---------- DATASET RECORDS ----------
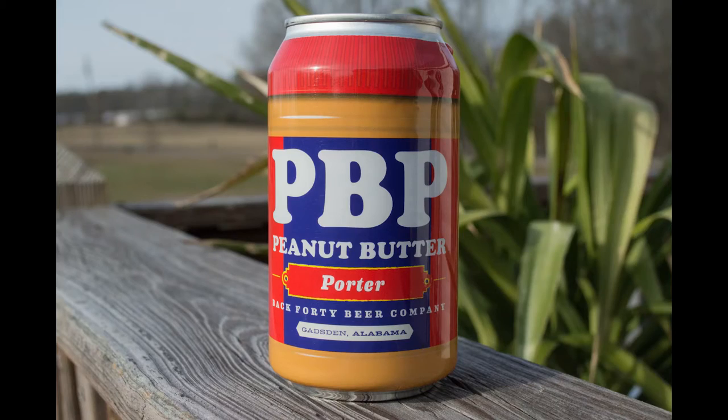I just want everyone to take a minute and appreciate this packaging. This can is amazing. First of all, it looks like a legitimate jar of peanut butter, so I think that's absolutely awesome. Let's hope it tastes just as good as it looks.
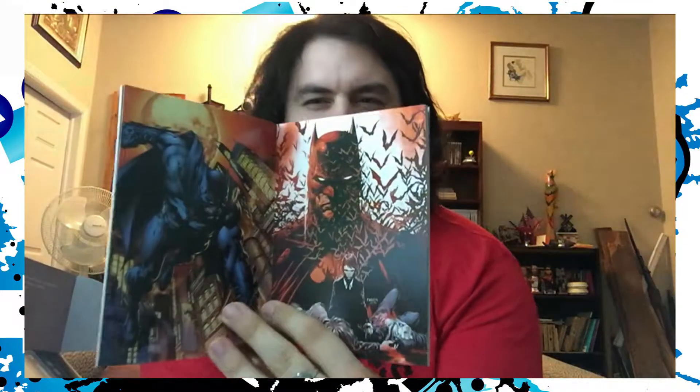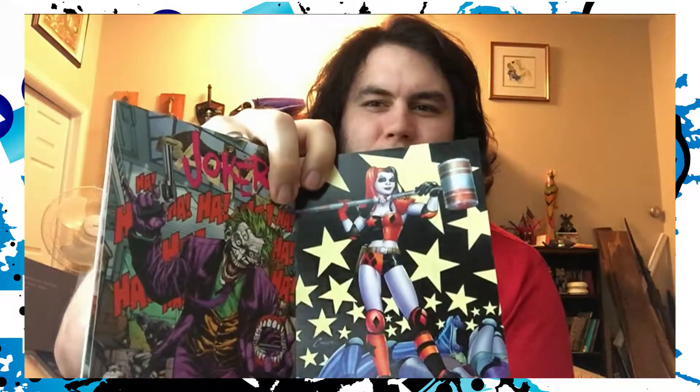Oh, cool. So this is a New 52 little mini poster collection. There's 40 of them in here, it looks like. They're cool little posters. I don't know if these were the covers of any of the comics — yeah, it looks like them. Like, the Joker number one, Harley Quinn. These are awesome. If these are removable, I could literally litter them across my wall. I love this stuff.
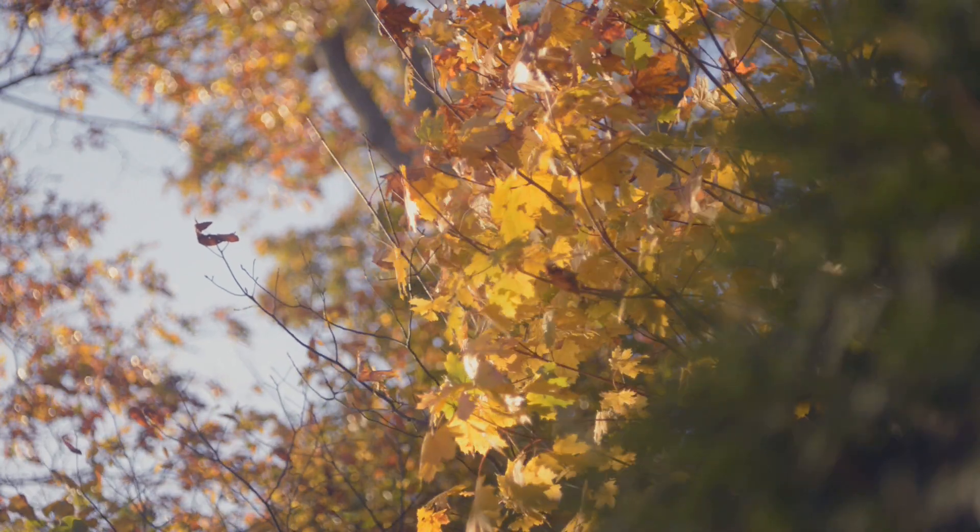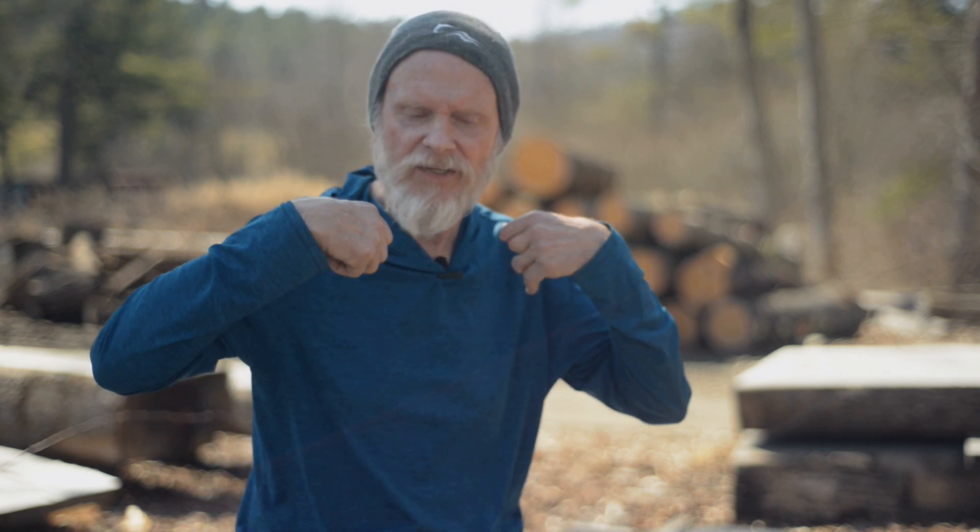White oak likes river valleys and a somewhat limestone soil. Areas where glaciers passed and ground things up seems to be one of the key factors in providing the environment that a white oak tree prefers.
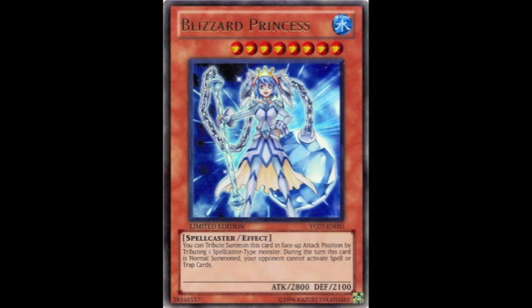The other super rare card was Blizzard Princess. Another thing that Konami seem to be doing is anticipating the release of popular archetypes. In the next set, Return of the Duelist, there will be a new book of spells archetype for spellcasters, and they're anticipating this by re-releasing Blizzard Princess, which may have become difficult to get if people were all building that deck. That's another good move by Konami.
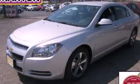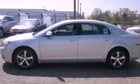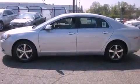This is a brand-new 2012 Chevrolet Malibu. It features a 2.4-liter, 4-cylinder engine and an automatic transmission.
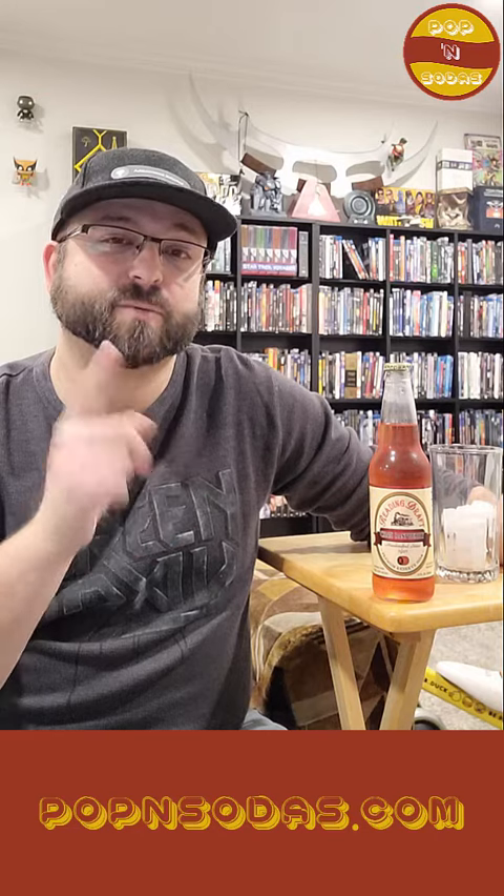They also have a line of sodas called Canaphis, which are CBD-infused sodas. I don't have one of those right now and haven't tried one, but it is interesting. If that's up your alley, you can check that out. Go to their website and you can see a lot more information on their Canaphis line of sodas.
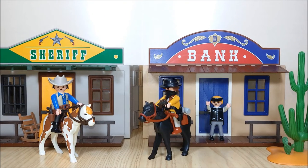This is Playmobil set number 4398, the Take-Along Western City, released by Playmobil in 2010, and it's a wonderful playset.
----------
• **EXERCISE GOAL**:
Starting at the line that contains "This is a brand-new", transcribe every line through the end of the listing exactly, including both end lines and excluding pictures.

• **TASK RESPONSE**:
This is a brand-new 2012 Chevrolet Malibu. It features a 2.4-liter, 4-cylinder engine and an automatic transmission.
They also have a line of sodas called Canaphis, which are CBD-infused sodas. I don't have one of those right now and haven't tried one, but it is interesting. If that's up your alley, you can check that out. Go to their website and you can see a lot more information on their Canaphis line of sodas.
This is Playmobil set number 4398, the Take-Along Western City, released by Playmobil in 2010, and it's a wonderful playset.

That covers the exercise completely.